● **Source data**
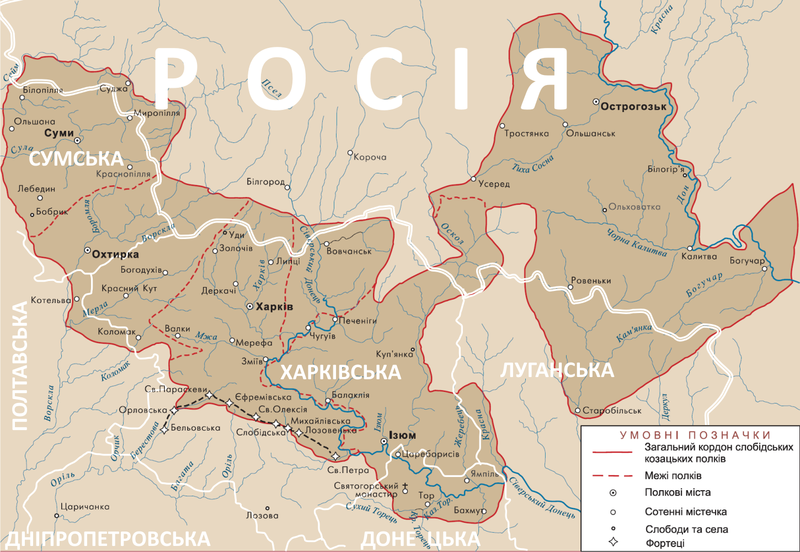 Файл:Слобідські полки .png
* * *
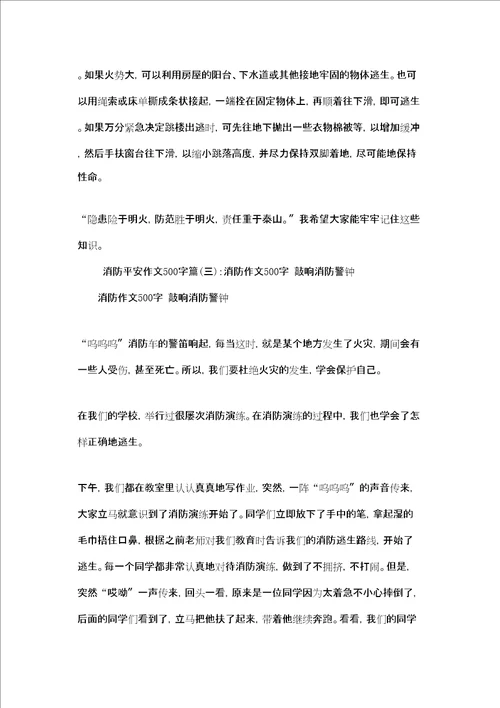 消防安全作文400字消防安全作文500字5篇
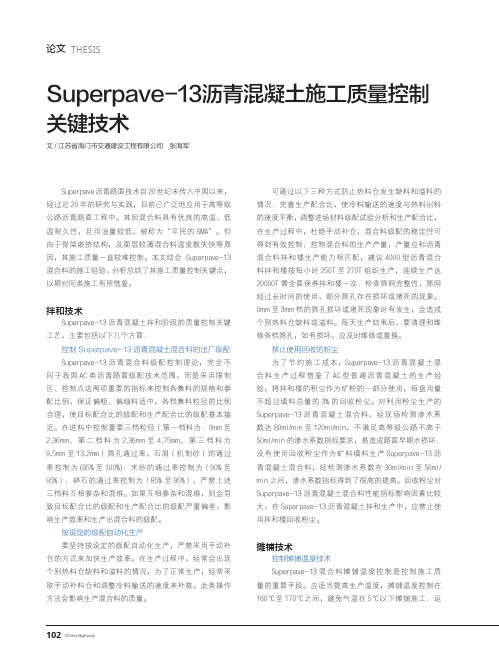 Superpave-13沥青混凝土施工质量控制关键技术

● **Exercise description**
The copy should hold only the lines from the one with "消防安全作文400字消防安全作文500字5篇" through the one with "Superpave-13沥青混凝土施工质量控制关键技术", exactly as they stand above. Leave out the pictures.

● **Problem solution**
 消防安全作文400字消防安全作文500字5篇
 Superpave-13沥青混凝土施工质量控制关键技术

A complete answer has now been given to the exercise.